Thursday, March 31, 2011

Wary Customers Shun Businesses After Data Breaches

Data breaches cost UK businesses more than ever last year, with most
of the financial hit resulting from lost business in the aftermath of
an incident, a Ponemon Institute survey for Symantec has found.

The average cost of a data breach for the 38 large businesses surveyed
in 2010 Annual Study: UK Cost of a Data Breach was £1.9 million ($3.1
million), a 13 percent rise from 2009, equivalent to about £71 per
lost record.

Of this sum, 48 percent can be attributed to 'abnormal customer churn'
- customers that go elsewhere after hearing of the problem - while
communicating with customers and resetting records is another 23
percent. Non-commercial organisations such as those in the public
sector were found to suffer lower customer costs.
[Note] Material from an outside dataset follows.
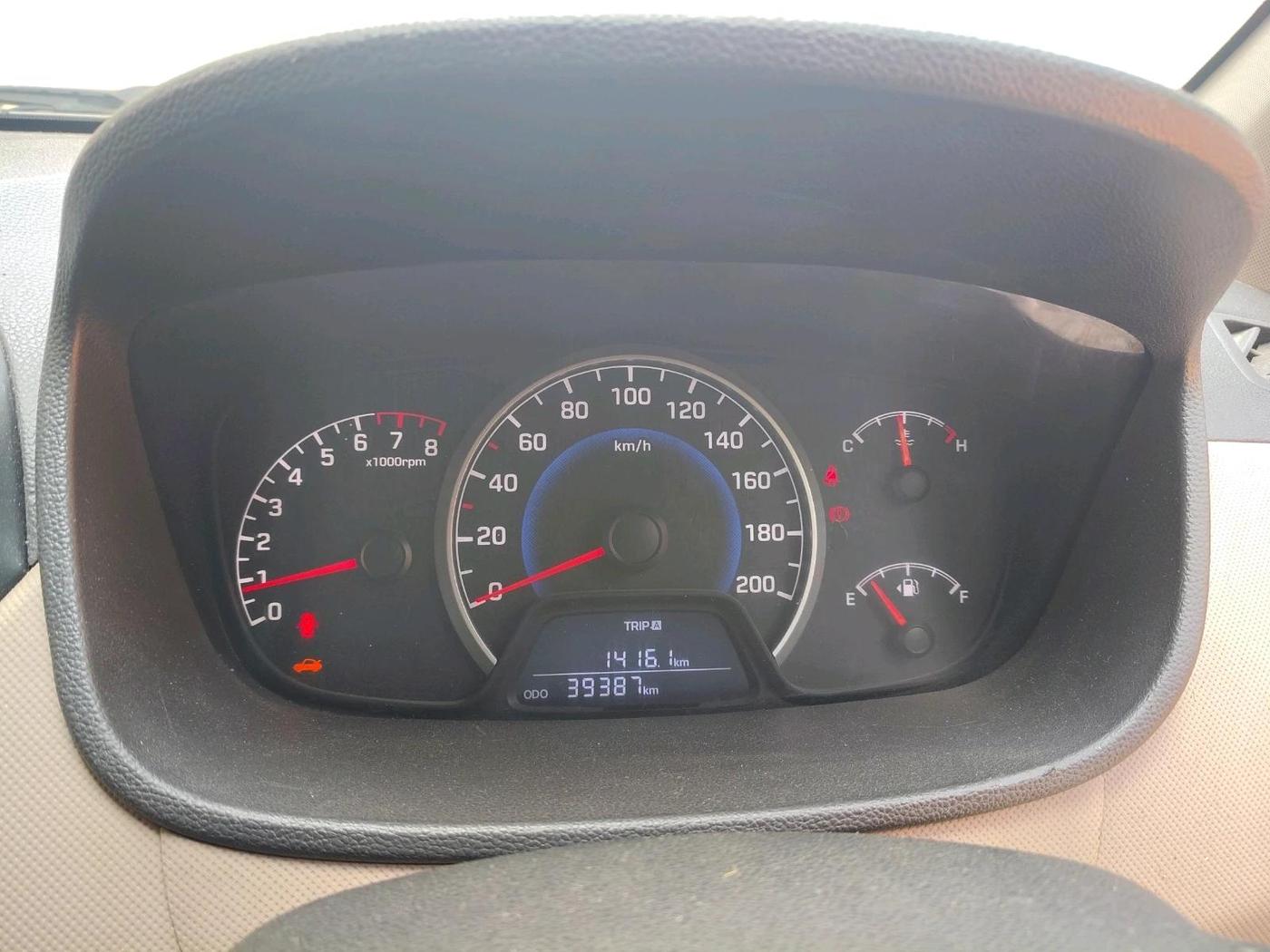 2018 Hyundai Grand i10 MAGNA 1.2 KAPPA VTVT, Petrol, Manual, 39,387 km, interior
The most expensive breach uncovered by the survey cost a company £6.2
million to recover from, while the smallest costing £336,000, with the
number of records lost or stolen ranging from 6,900 to 72,000.
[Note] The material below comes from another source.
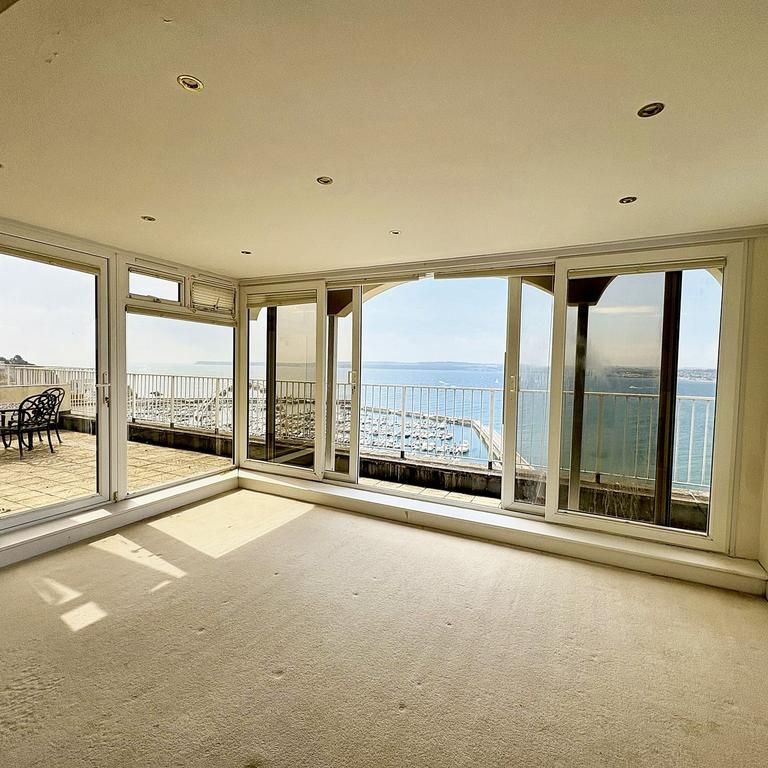 4 bedroom maisonette to rent - Photo 1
However representative a snapshot, Symantec and Ponemon describe the
breach cost numbers as giving a good idea of what it costs a typical
company to deal with large data breaches, defined as between 1,000 and
100,000 records.

The report presents the deeper causes of data breaches in a rather
convoluted manner (some causes can be related to more than one
category), although 'system breaches' (security failures inside a
company) are named as the top cause with a frequency of 37 percent of
incidents, with third parties and negligence accounting for 34 percent
each.

Malicious and criminal attacks account for 29 percent, but these are
not surprisingly the most expensive to clear up at £80 per record.
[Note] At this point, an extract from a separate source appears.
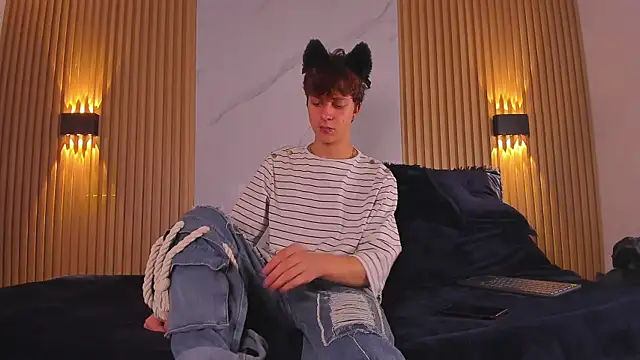 Snapshot of IM_DAREN chatting on November 2025 03:07:01 AM IM DAREN online show from November 2025 03:07:01 AM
"We continue to see an increase in the costs to businesses suffering a
data breach," said Ponemon Institute founder, Dr. Larry Ponemon.
"Regulators are cracking down to ensure organisations implement
required data security controls or face harsher penalties. Confronted
with both malicious and non-malicious threats from inside and outside
the organisation, companies must proactively implement policies and
technologies to mitigate the risk of costly breaches."